Pick Your Poison - Version 1
Softground etching, intaglio & aquatint
Chine-Collé (with Ise) on Indian Rag Paper (White Blue Batchelor Button)
17 x 17 inches
2007
ed 20
In an award-winning documentary from Columbia by Marta Rodriguez and Jorge Silva, "Amor, Mujeres y Flores" (Love, Women and Flowers), one worker says "Flowers are very beautiful, but they're a health hazard. Behind every flower there is death." In a 1995 article for the Global Pesticide Campaigner called "New Harvests, Old Problems: Feeding the Global Supermarket," Lori Ann Thrup writes that rose and carnation producers in Ecuador use an average of six fungicides, four insecticides, and several herbicides. The situation is worse in Colombia, where flower plantation workers near Bogota are exposed to 127 types of pesticides. In addition to the human toll, flower farms have polluted and depleted Bogota's streams and ground water.

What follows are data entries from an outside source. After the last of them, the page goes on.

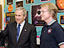 President Bush talks with a man in a classroom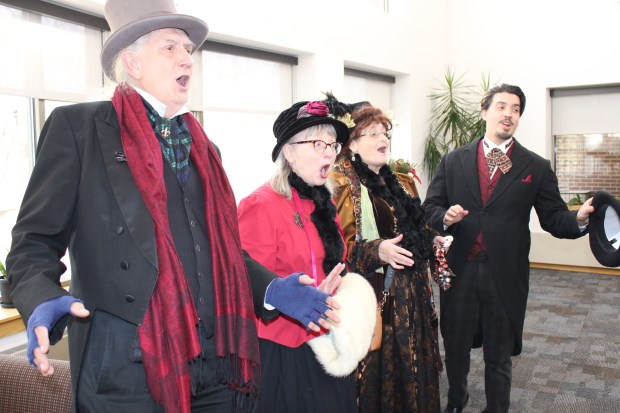 The multifaceted Winter Holiday Market in Deerfield offered a holiday gift market featuring local vendors, live music and entertainment, visits with Santa Claus, a Christmas train and life-sized snow globe inflatable, children's crafts and activities, an array of civic and non-profit organizations, and food for purchase. Here, the Frozen Robins perform.(Gina Grillo/ For the Pioneer Press)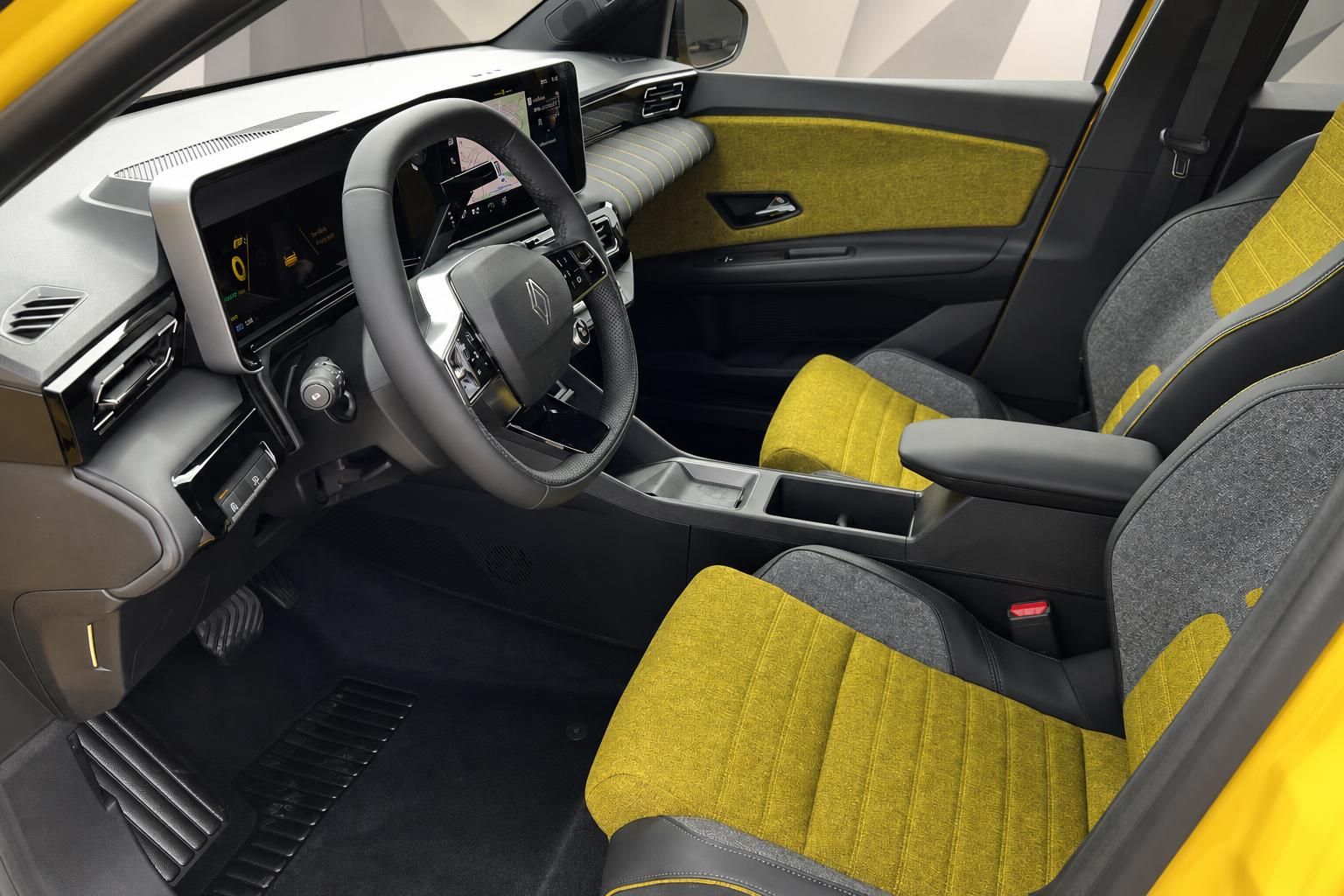Renault 5 E-Tech Electric Innenraum Fahrersitz gelb-grau Cockpit und Lenkrad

Pollinators—most often bees, butterflies, birds, and bats—who transfer pollen from one flower to another are critical to fruit and seed production. In fact, animals provide pollination services for over three-quarters of the staple crop plants that feed humankind, and for 90% of all flowering plants in the world. The flower industry takes it’s toll. The average North American or Western European consumer only cares about buying a flower bouquet for less than $20.00.
Think twice, you are buying a pretty cheap death.